Opinião
Dois pesos e duas medidas
A busca de receita leva a nossa Administração Fiscal a sofisticar cada vez mais os mecanismos de combate à fraude e evasão fiscais nos seus diferentes domínios.
Se a penhora de contas bancárias e de bens das empresas, para além da responsabilidade individual dos gestores e empresários, são hoje uma constante, anuncia-se agora a possibilidade de o Estado obstar os pagamentos às empresas se estas não tiverem a sua situação fiscal regularizada.
Assim, a fazer fé nas notícias, os hospitais públicos, institutos públicos, ministérios, escolas, universidades e politécnicos, autarquias ou a central de compras do Estado não poderão proceder a pagamentos a fornecedores sempre que estes mantenham dívidas tributárias.
Ao mesmo tempo, corre em paralelo um mecanismo que permite recuperar verbas em dívida, dentro dos próprios organismos públicos, através das penhoras automáticas de créditos.
Mais uma certidão que passa a ser obrigatória, ao arrepio do Simplex, embora o fornecedor possa autorizar a entidade pagadora à averiguação, junto do fisco e da segurança social, da sua situação tributária.
Numa conjuntura complicada para as empresas, sobretudo para as Micro e PME, aperta-se cada vez mais o garrote, sem uma atitude igualmente exemplar do Estado.
Com estes procedimentos de rigor, que aplaudo por contribuírem para uma maior justiça fiscal e combate à concorrência desleal, mas sem um comportamento de bom senso por parte dos que andam no terreno a fazer cumprir a lei, poderemos matar a "galinha dos ovos de ouro".

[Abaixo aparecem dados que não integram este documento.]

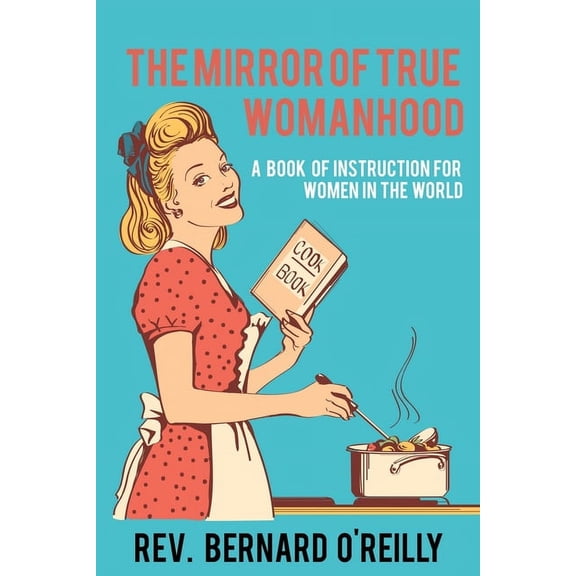 The Mirror of True Womanhood: A Book of Instruction for Women in the World, (Paperback)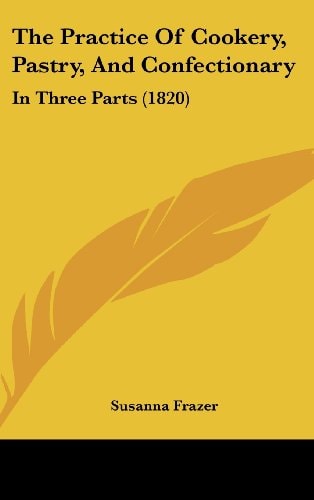 The Practice Of Cookery, Pastry, And Confectionary: In Three Parts (1820)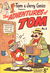 Tom & Jerry Comics Presents the Adventures of Tom (Rosnock, 1952 series) #5 — The Adventures of Tom ([November 1952?])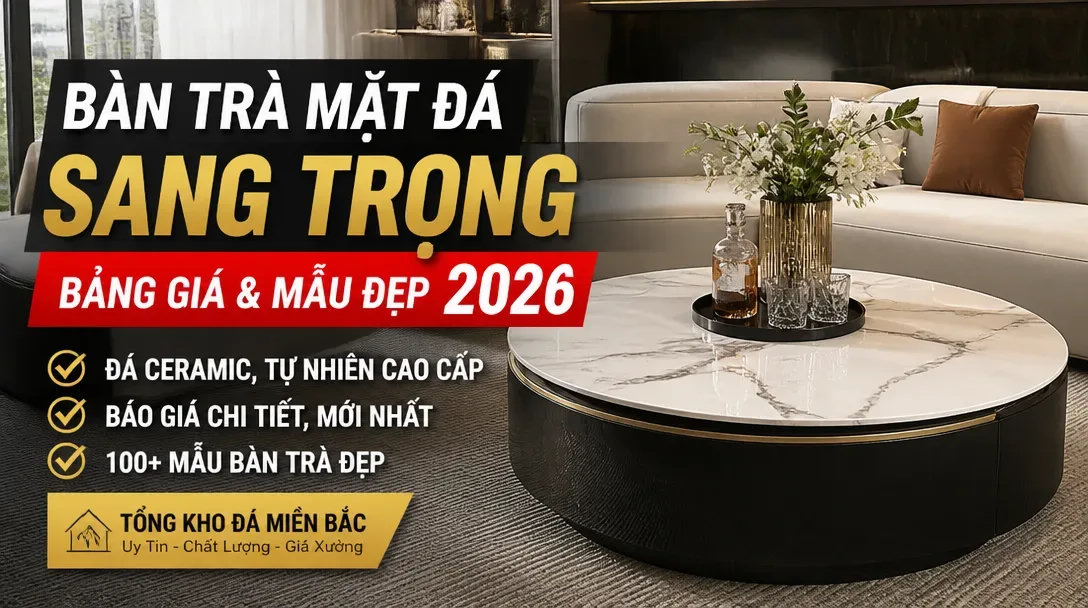 Bàn trà mặt đá sang trọng: Bảng giá & mẫu đẹp 2026
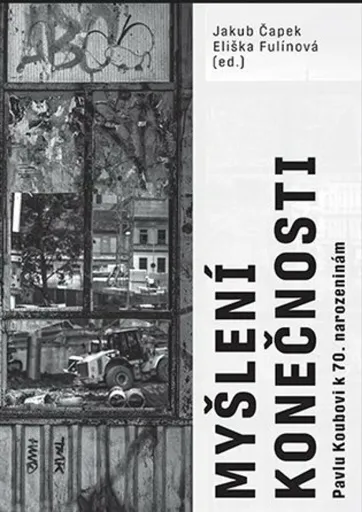 Myšlení konečnosti - Jakub Čapek, Eliška Fulínová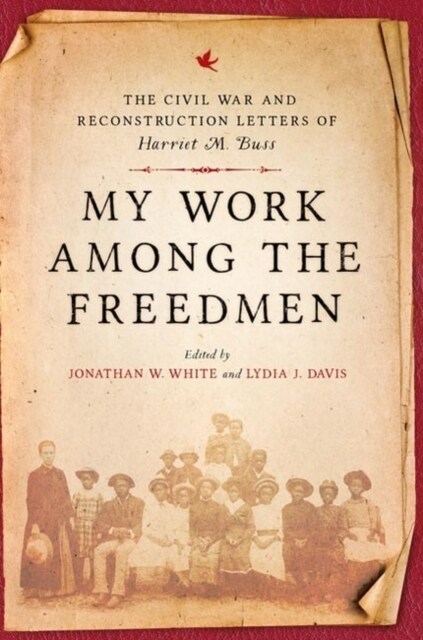 My Work Among the Freedmen: The Civil War and Reconstruction Letters of Harriet M. Buss (Hardcover)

Efectivamente, que dizer do sistemático incumprimento do Estado?
Os hospitais públicos, as autarquias, a administração central, algumas EPE, não cumprem, por regra, os prazos que definem para os seus pagamentos; nalguns casos estamos a falar de meses ou mesmo de mais de um ano.
Não estaremos perante dois pesos e duas medidas?
Ao mesmo tempo que se legisla no sentido de apertar o cerco aos faltosos, porque não legislar também para proteger as empresas?
O Estado não cumpre os prazos de pagamentos, mas exige o pagamento do IVA, penhora contas bancárias e bens, congela pagamentos, pretende avançar para as compensações de créditos, quando muitas vezes "o incumpridor" ainda não recebeu o dinheiro ?
E o particular? E a empresa que sistematicamente é vitima dos incumprimentos do Estado?
É tempo de legislar para proteger a economia dos incumprimentos do Estado, proporcionando, a título de exemplo, às empresas, a possibilidade de utilizar os créditos vencidos que têm sobre o Estado para compensarem dívidas fiscais.
É tempo de tornar obrigatório o pagamento do IVA que resulte de fornecimentos ao Estado, depois do recebimento, pois, no extremo, um empresário ou gestor pode ser acusado do crime de abuso de confiança por apropriação abusiva de verbas em sede de IVA, caso não o pague, apesar de ainda não o ter recebido do próprio Estado.
Era importante que, ao mesmo tempo que se promovem estas medidas moralizadoras, também o Estado as assumisse como suas, legislando no mesmo sentido para os particulares.
Se assim for, não há desculpas para os incumpridores e o braço da lei deve ser forte.
Com a prática actual, estamos mais uma vez perante a prepotência do Estado, a lei do mais forte. Como diz o povo, "bem prega o frei Tomás, olha para o que ele diz, não para o que ele faz".